Ofsted have just released their revised guidance for inspections, it can be found here: http://www.ofsted.gov.uk/news/revised-guidance-for-inspections-of-maintained-schools-and-academies 

One of the areas that I am not happy about is the fact that inspections will:
  • no longer record on evidence forms a grade on the quality of teaching for individual lesson observations;

So there it is, the end of being given an individual grade for your teaching after your lesson observation. The majoirty of the teaching world will probably be rejoicing about this and we'll inevitably see them posting their joy on GuardianTeach under 'How are teachers relaxing over the summer holidays?' but I won't be jumping over any moon. 

Ofsted are still going to have to give an overall judgement on the quality of teaching in the school so they are still going to have to keep notes so they can collate various observations and make an informed decision. I think it would be naive to think that although they won't be writing information on 'evidence forms' they will still have to take jottings. If the overall quality of teaching in a school is still going to be decided through 'Outstanding, Good, Requires Improvement or Inadequate' I can't believe that Ofsted are not going to keep track of in which category they think particular lessons fall into.

So you have to ask yourself the question, if Ofsted are going to keep track then why can't that be communicated to us?

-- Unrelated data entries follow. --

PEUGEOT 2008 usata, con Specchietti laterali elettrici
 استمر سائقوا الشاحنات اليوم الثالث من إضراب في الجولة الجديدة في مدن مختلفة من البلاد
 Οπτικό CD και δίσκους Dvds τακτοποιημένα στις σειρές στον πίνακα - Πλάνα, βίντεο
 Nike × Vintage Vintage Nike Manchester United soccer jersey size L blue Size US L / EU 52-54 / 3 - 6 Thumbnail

The main argument comes from a progressive style of teaching. Do you want to be labelled as a particular grade or do you want feedback that highlights your strengths and weaknesses and allows you to reflect upon it and improve as a teacher? I'm sure you're leaping in the air pointing at the latter, I would say why can't we have both? I know I'm being judged by you Mr. Inspector and you know what, I know the grade criteria, I know I am good but not outstanding and I can take being told that like a grown-up. I don't want it wrapped in the gift-wrap of educational cliches and potential misinterpretations. I want a constructive conversation and that starts will the benchmark I work by, Ofsted work by, my Performance Related Pay works by. I don't have time for misinterpretation by all of those. I think a grade is a good starting point, no one is under any illusion what you are, you're not exchanging Morse Code winks to ask if you're a 1, 2 or 3 or heaven forbid a short wink, short wink, short wink, long wink. You want to trust that because they've seen hundreds of lessons, they are better at judging yours than yourself and although that may get a few cries of naivety, in my experience it is generally true. 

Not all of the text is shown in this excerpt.